This sequence may be repeated until the hydrogen storage is filled
or power generation mode is initiated.
[0077] The positive electrode space will contain oxygen as a
product of electrolysis; the humidified carrier gas may also be a
source of oxygen. The greater the partial pressure of oxygen in the
positive electrode space, the more hydrogen will need to be
consumed in order to reduce the catalyst to an acceptable degree.
This, in turn, may increase the time required to reduce the
catalyst and consume an undesirable amount of hydrogen that would
otherwise be stored. Thus, in other embodiments, the present method
further comprises reducing or interrupting the supply of humidified
gas to the stack. Where the carrier gas comprises oxygen, this may
reduce the amount of oxygen that must be consumed in order to
establish reducing conditions in the positive electrode space. In
turn, the amount of time and hydrogen required to reduce the
catalyst may be shortened. Where the carrier gas does not comprise
oxygen, though, it may be more efficient to continue supply of the
humidified gas, as this may flush evolved oxygen from the positive
electrode space and assist in establishing reducing conditions.

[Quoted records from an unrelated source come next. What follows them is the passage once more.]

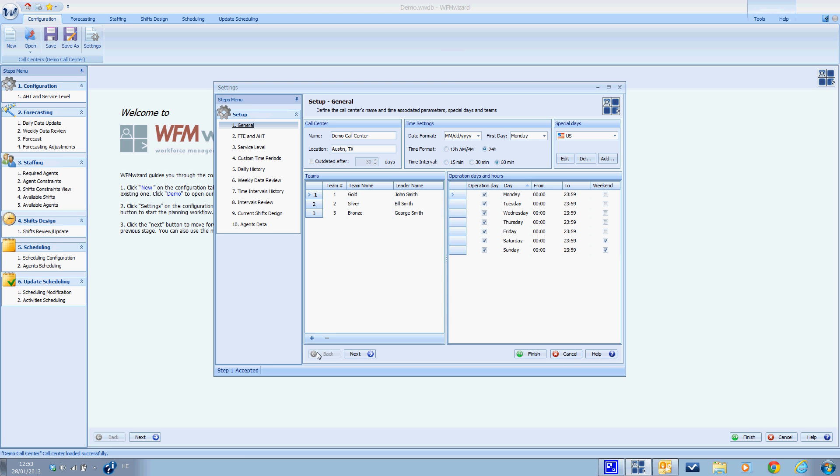Hi everyone and welcome back. This is the second video that shows how to set up your call center with the WFM wizard. If you remember, this is the last screen of step number one in the settings model.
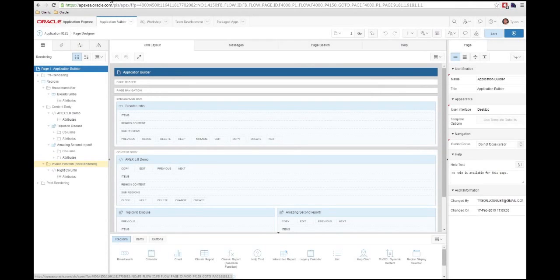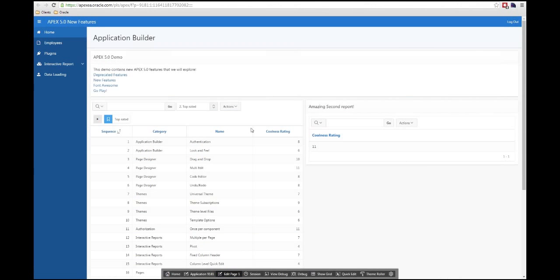The first thing I want to look at has to do with the application and the theme. So here you can see this is the new universal theme. And what's really awesome about this theme is that it's designed to be entirely responsive.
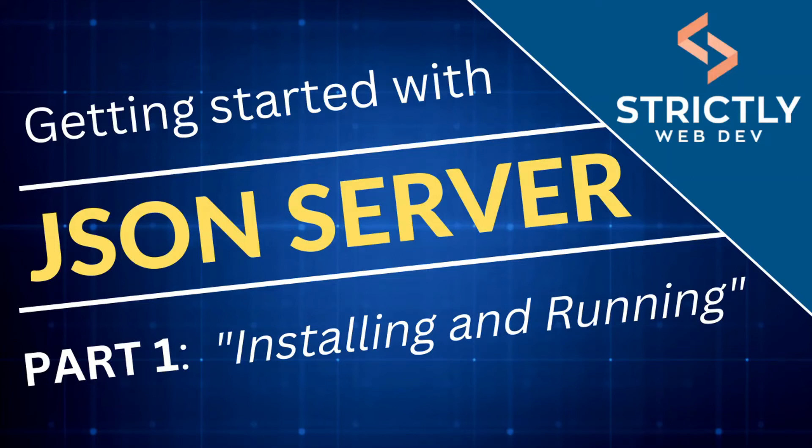Hey guys, welcome to the first part of the JSON Server series. In this first video, we're going to talk about what JSON Server is, as well as how to install and run it. So let's get started.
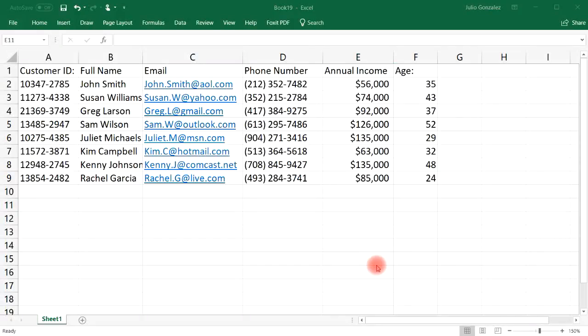In this tutorial, we're going to talk about how to use the INDEX and the MATCH function to look up information. We're also going to talk about how to create a drop-down menu with those two functions as well.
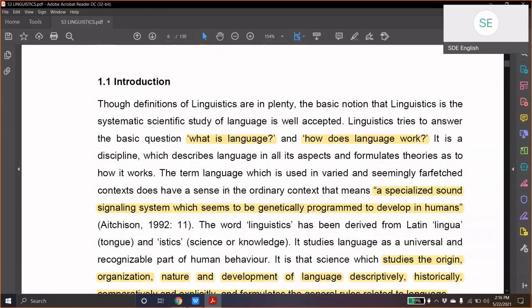What is linguistics? That is the question you are going to ask. Linguistics is, as written here, the systematic and scientific study of languages — not English only. It can be any language. Linguistics is the study of human languages. It's not limited to English.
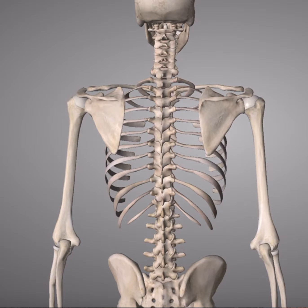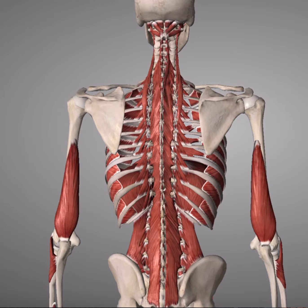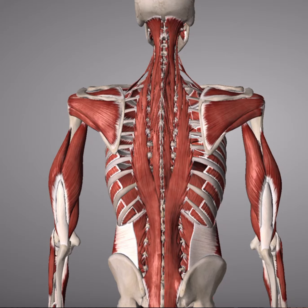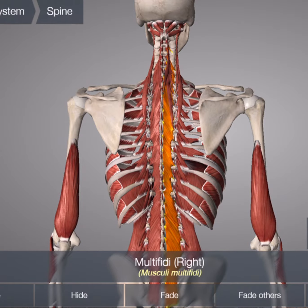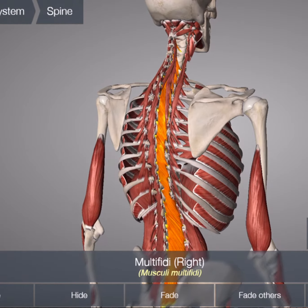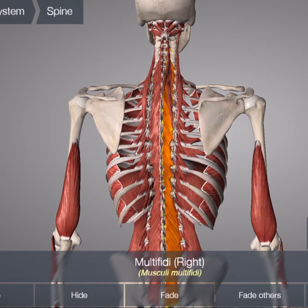With scoliosis, typically the multifidi muscle will spasm and cause the rotation of the spine. Unfortunately, this muscle is very deep and it is covered by several muscles.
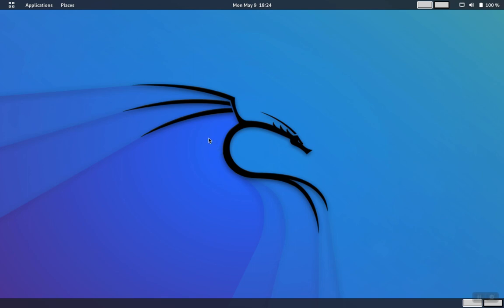A common question after upgrading Kali Linux is how to show the menu bar that appears on the left-hand side of the screen.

[0078] In electrolysis mode the hydrogen storage of the present
power plant may be recharged at a 6.times.-10.times. rate, similar
to current VRLA battery systems, if desired. This means it would
take six to ten times longer operating in electrolysis mode to
supply a given amount of hydrogen to the hydrogen storage than it
takes to consume the same amount of hydrogen in power generation
mode. This permits operation of the stack at lower current in
electrolysis mode relative to power generation mode. At lower
currents the stack operates at higher efficiency, which may
decrease the unit cost of the hydrogen that is generated.
[0079] In applications where a longer recharge rate is acceptable
(i.e., >10.times.), the applicant has found that it is possible
to operate the present power plant using ambient air as a
humidified carrier gas. In order to compensate for the lower water
content in ambient air, the stack may be operated at lower currents
than is the case with a saturated air stream. Higher air flow rates
may also be employed during operation on ambient air.
[0080] System Redundancy
[0081] As discussed previously, one or more of the fuel cell
systems in the present power plant (e.g., 40(M+1)) may serve as a
"redundant" fuel cell system. As will be apparent to persons
skilled in the art, the concept of redundancy may be applied to
various other systems of the present power plant, as well.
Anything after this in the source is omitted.